A typical application of upper-limb exoskeleton robots is deployment in rehabilitation training, helping patients to regain manipulative abilities. However, as the patient is not always capable of following the robot, safety issues may arise during the training. Due to the bias in different patients, an individualized scheme is also important to ensure that the robot suits the specific conditions (e.g., movement habits) of a patient, hence guaranteeing effectiveness. To fulfill this requirement, this paper proposes a new motion planning scheme for upper-limb exoskeleton robots, which drives the robot to provide customized, safe, and individualized assistance using both human demonstration and interactive learning. Specifically, the robot first learns from a group of healthy subjects to generate a reference motion trajectory via probabilistic movement primitives (ProMP). It then learns from the patient during the training process to further shape the trajectory inside a moving safe region. The interactive data is fed back into the ProMP iteratively to enhance the individualized features for as long as the training process continues. The robot tracks the individualized trajectory under a variable impedance model to realize the assistance. Finally, the experimental results are presented in this paper to validate the proposed control scheme.
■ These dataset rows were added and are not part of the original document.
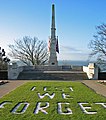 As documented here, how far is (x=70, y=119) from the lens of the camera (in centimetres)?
715

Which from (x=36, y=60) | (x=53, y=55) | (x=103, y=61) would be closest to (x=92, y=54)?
(x=103, y=61)

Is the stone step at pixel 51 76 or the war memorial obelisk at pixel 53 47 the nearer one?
the stone step at pixel 51 76

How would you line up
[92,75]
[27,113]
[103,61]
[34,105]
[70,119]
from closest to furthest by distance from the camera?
1. [70,119]
2. [27,113]
3. [34,105]
4. [92,75]
5. [103,61]

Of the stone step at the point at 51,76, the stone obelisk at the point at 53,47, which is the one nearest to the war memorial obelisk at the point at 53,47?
the stone obelisk at the point at 53,47

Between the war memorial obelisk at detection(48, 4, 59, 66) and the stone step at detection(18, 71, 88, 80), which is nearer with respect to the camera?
the stone step at detection(18, 71, 88, 80)

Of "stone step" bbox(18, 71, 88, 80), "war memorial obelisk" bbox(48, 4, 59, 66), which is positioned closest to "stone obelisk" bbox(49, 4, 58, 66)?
"war memorial obelisk" bbox(48, 4, 59, 66)

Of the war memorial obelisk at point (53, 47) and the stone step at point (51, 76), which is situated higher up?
the war memorial obelisk at point (53, 47)

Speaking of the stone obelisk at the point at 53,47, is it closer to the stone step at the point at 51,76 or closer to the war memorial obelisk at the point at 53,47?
the war memorial obelisk at the point at 53,47

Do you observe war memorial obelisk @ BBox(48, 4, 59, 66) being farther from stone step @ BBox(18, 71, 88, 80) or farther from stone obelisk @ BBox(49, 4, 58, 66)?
stone step @ BBox(18, 71, 88, 80)

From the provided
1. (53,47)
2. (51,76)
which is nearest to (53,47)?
(53,47)

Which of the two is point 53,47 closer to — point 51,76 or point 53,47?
point 53,47

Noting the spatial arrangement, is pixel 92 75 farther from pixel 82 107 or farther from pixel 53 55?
pixel 82 107

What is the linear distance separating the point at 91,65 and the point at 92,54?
8448mm

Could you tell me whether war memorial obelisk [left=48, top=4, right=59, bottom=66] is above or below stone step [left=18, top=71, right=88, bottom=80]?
above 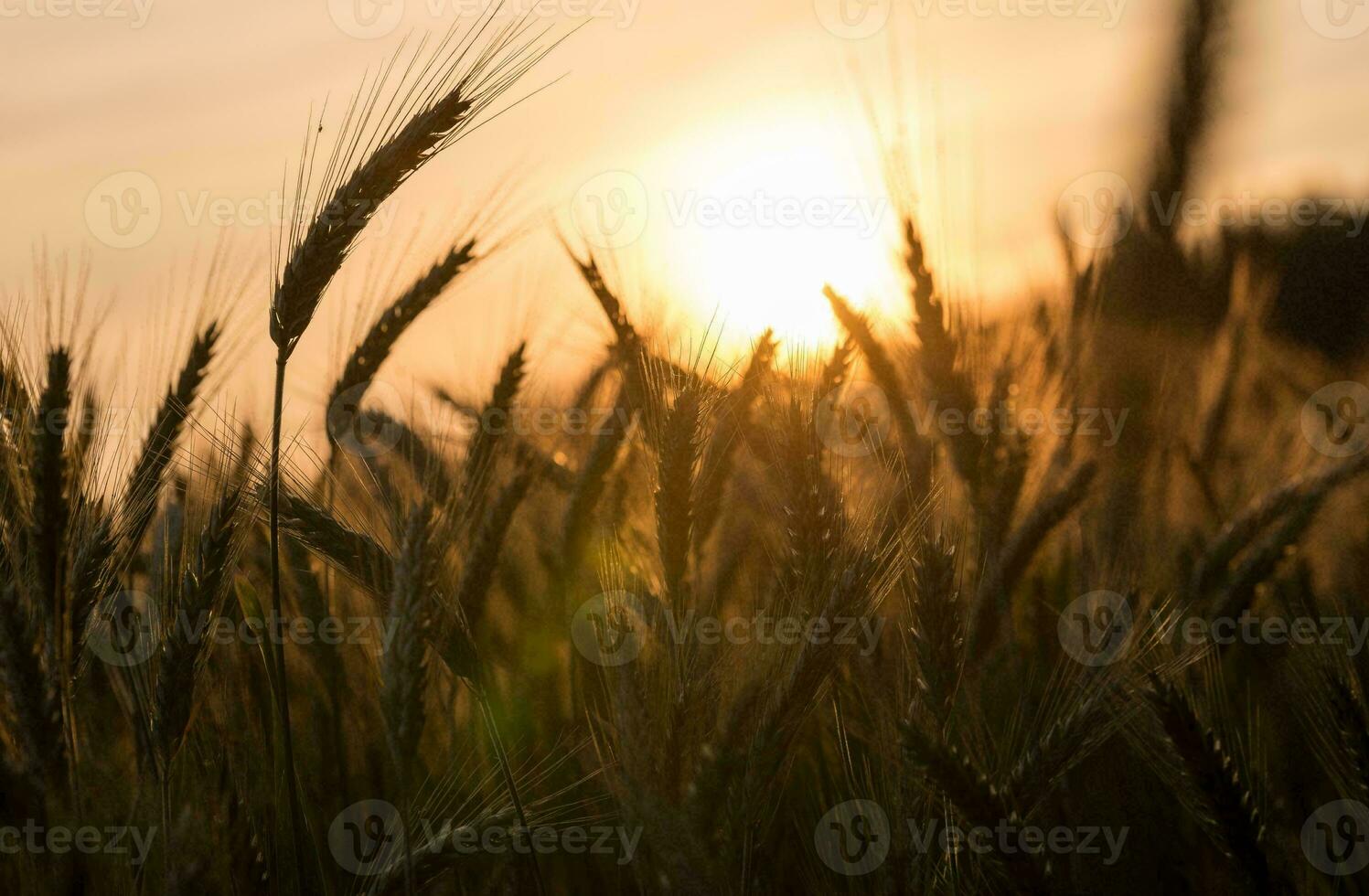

翻译：上肢外骨骼机器人的典型应用场景是康复训练，帮助患者恢复操作能力。然而，由于患者并非总能跟随机器人运动，训练过程中可能出现安全问题。此外，不同患者之间存在个体差异，因此制定个性化方案以确保机器人适应患者的具体状况（如运动习惯）至关重要，这直接关系到康复效果。为实现这一目标，本文提出了一种适用于上肢外骨骼机器人的新型运动规划方案，该方案通过融合人类示教与交互学习，驱动机器人提供定制化、安全且个性化的辅助。具体而言，机器人首先从一组健康受试者的示范中学习，通过概率运动基元（ProMP）生成参考运动轨迹；随后在训练过程中通过与患者的交互进一步优化轨迹，使其始终处于动态安全区域内。交互数据被持续反馈回ProMP模型，随着训练进程不断迭代增强个性化特征。机器人采用可变阻抗模型对个性化轨迹进行跟踪，从而实现辅助功能。最后，本文通过实验验证了所提控制方案的有效性。